> **Assignment**
All of the data, except its images, should be set down exactly as it appears.

> **Supplied data**
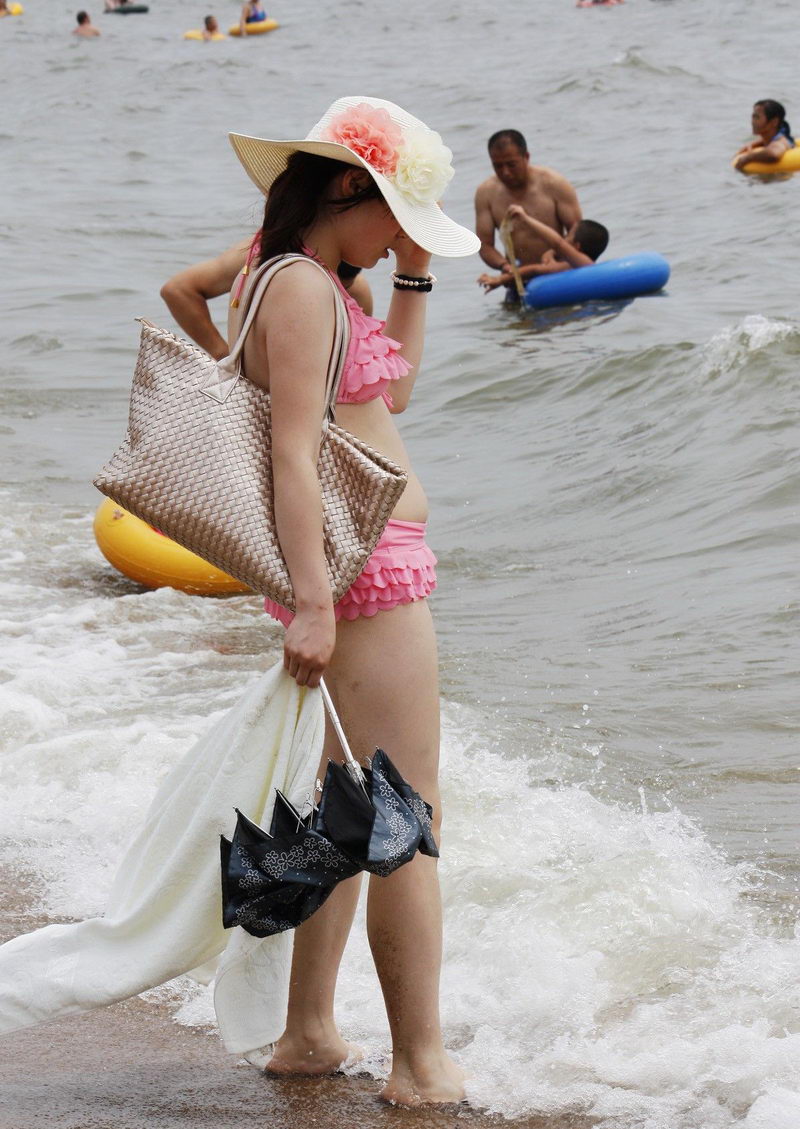 南沙滨海浴场街拍美眉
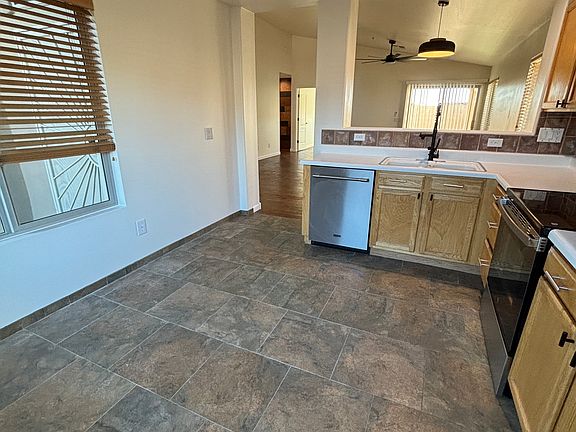 5th image of 15742 N 102nd St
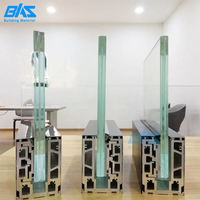 Balustrade de sécurité en verre trempé avec profilé en U en aluminium sans cadre, fixation latérale, style moderne, pour terrasse extérieure et escalier de parc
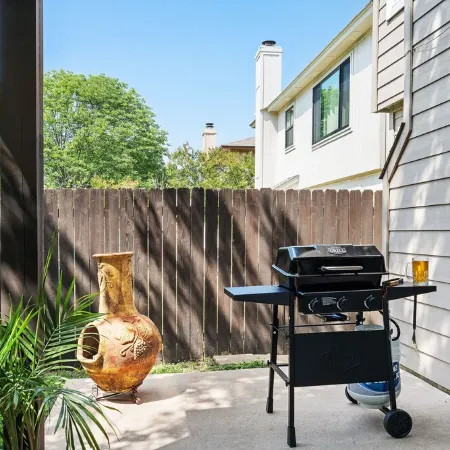 Heart of Pflugerville: Charming 4 BR Home w/Grill & Prime Location!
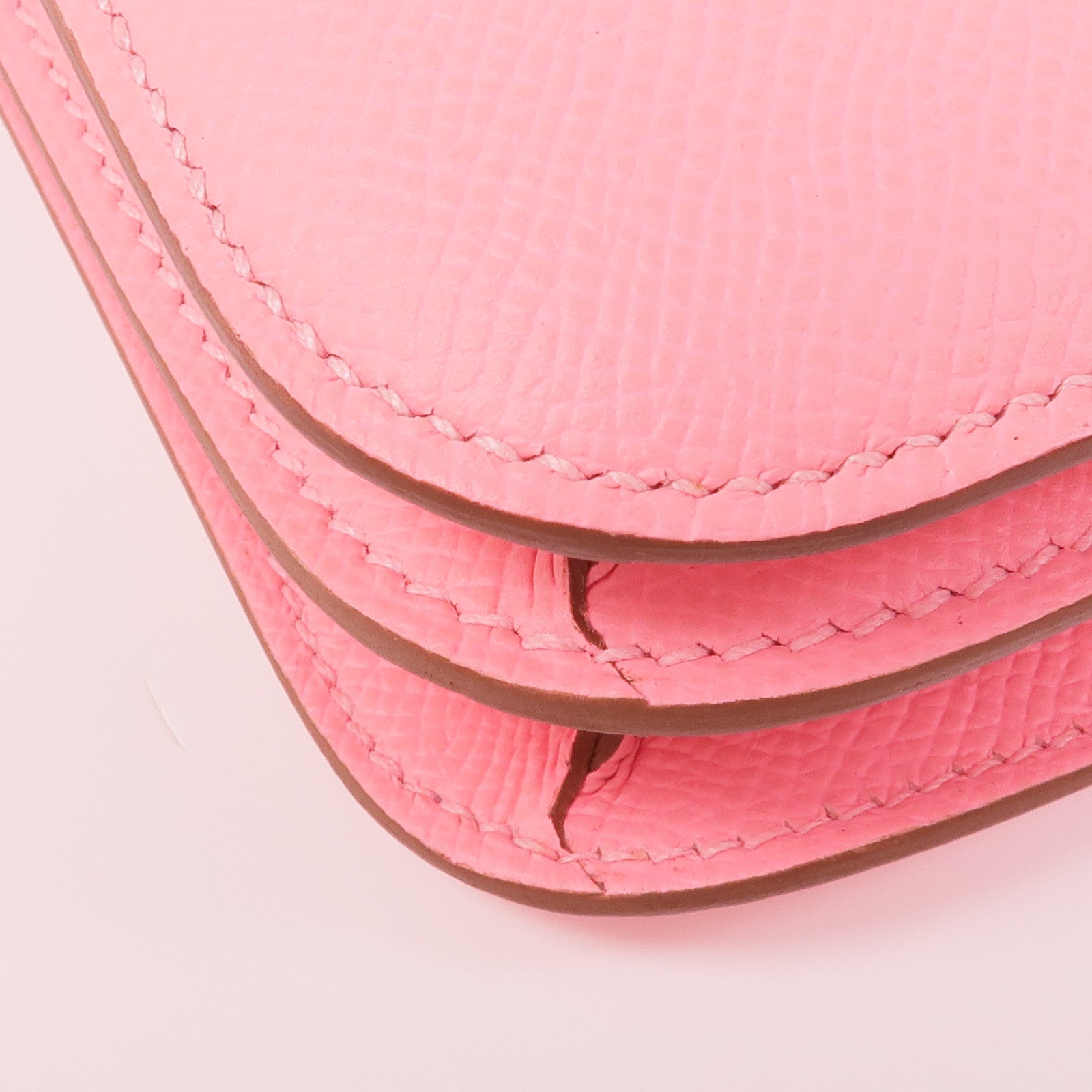 HERMES Epsom皮革Constance Mini銀扣肩背袋1Q Rose Confetti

> **Your solution**
 南沙滨海浴场街拍美眉
 5th image of 15742 N 102nd St
 Balustrade de sécurité en verre trempé avec profilé en U en aluminium sans cadre, fixation latérale, style moderne, pour terrasse extérieure et escalier de parc
 Heart of Pflugerville: Charming 4 BR Home w/Grill & Prime Location!
 HERMES Epsom皮革Constance Mini銀扣肩背袋1Q Rose Confetti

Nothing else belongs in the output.